In 1868 Lt. Col. George Custer was serving a one-year “Time Out” at the request of the Military. But the Lakota Sioux didn’t like that one bit because, without Custer to play with, all the braves had to stay home with their Honey-do lists and the In-laws. So they complained about Custer’s absence to General Phil Sheridan and he, in turn, convinced President Grant to give Custer and early release from his “Time Out” so he could go save the Frontier.
When Custer was getting ready to go West his wife, Libby, noticed he was packing his beat-up old rifle from the Civil War. Always fashion-conscious, she called Grant and said she wouldn’t let the 7th Cavalry depart unless they had respectable new rifles.

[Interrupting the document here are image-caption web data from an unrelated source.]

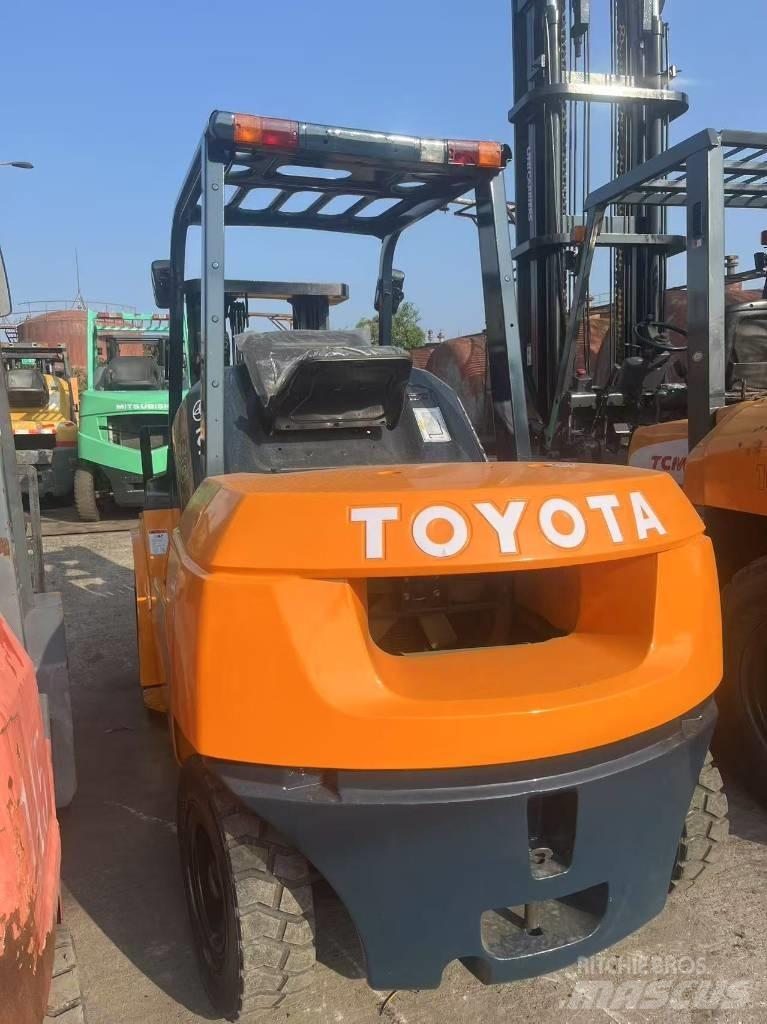 Toyota FD 50 Diesel Trucker
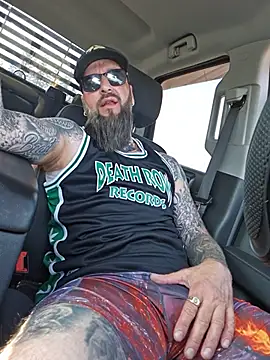 โชว์เว็บแคมของ Beardedtattood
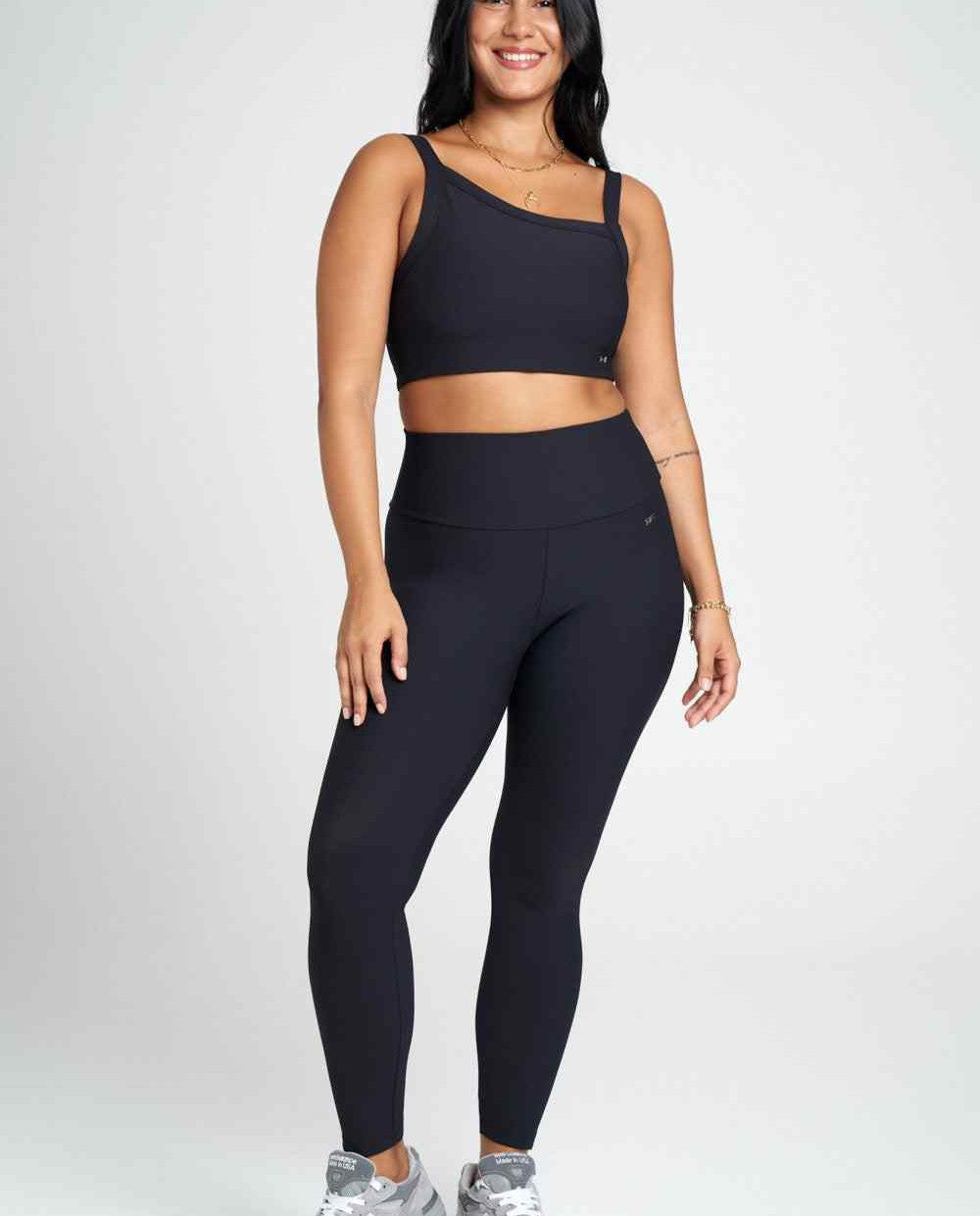 Hope Bra en Negro-Bras-Tienda Ropa Leggings Yoga Sostenibles Reciclados Mujer On-line Barcelona Believe Athletics Sustainable Recycled Yoga Clothes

Faced with this problem, Grant turned to his Secretary of War, a Manpower temp from S. Dakota named Mortimer Springfield (formerly Washeetsu Two-Mountains Blackfeather but he changed his name so it would fit on his business card) and asked him to figure out what the Army’s new rifle should be.
A fellow named Otis Rettig of the Singer Corporation made a full-court press to sell Springfield some weenie rifle called the 30/06, but Springfield couldn’t make up his mind. So he sent out a questionnaire asking if everyone thought the Army should have .30 caliber, bolt-action repeaters, or something more traditional.
And the response to the questionnaire is how the 45/70 got its’ name. 45% of the respondents said they didn’t know hardly anywhere the 30/06 ammo could be bought and 70% of the respondents said they would rather the Army be armed with a nice, traditional single-shot that fired a bullet the size of a trapdoor. What Secretary Springfield forgot to mention to Grant is that all the responding letters came from the same address: 666 Little Bighorn Circle., Montana, 59031.
Once the rifle type and caliber were decided, the Government’s blinding speed got the new weapon into the hands of the Army in less than four years and in 1873 Custer and the 7th. - newly armed with the fashionable 45/70 Trapdoor Springfields - went off to joust with the western indigent tribes who, poor souls, had to struggle through the game with lever-action Yellow-Boy repeaters etc. After a number of rather smoky preseason scrimmages, everyone converged upon the Greasy Grass in late June of 1876 for the Centennial Homecoming Game, in which Army lost to Sioux by something like 236 to 48. It should also be noted that the .45/70 Trapdoor Springfield is the Sioux nation’s All-Time Favorite Rifle and Caliber even today.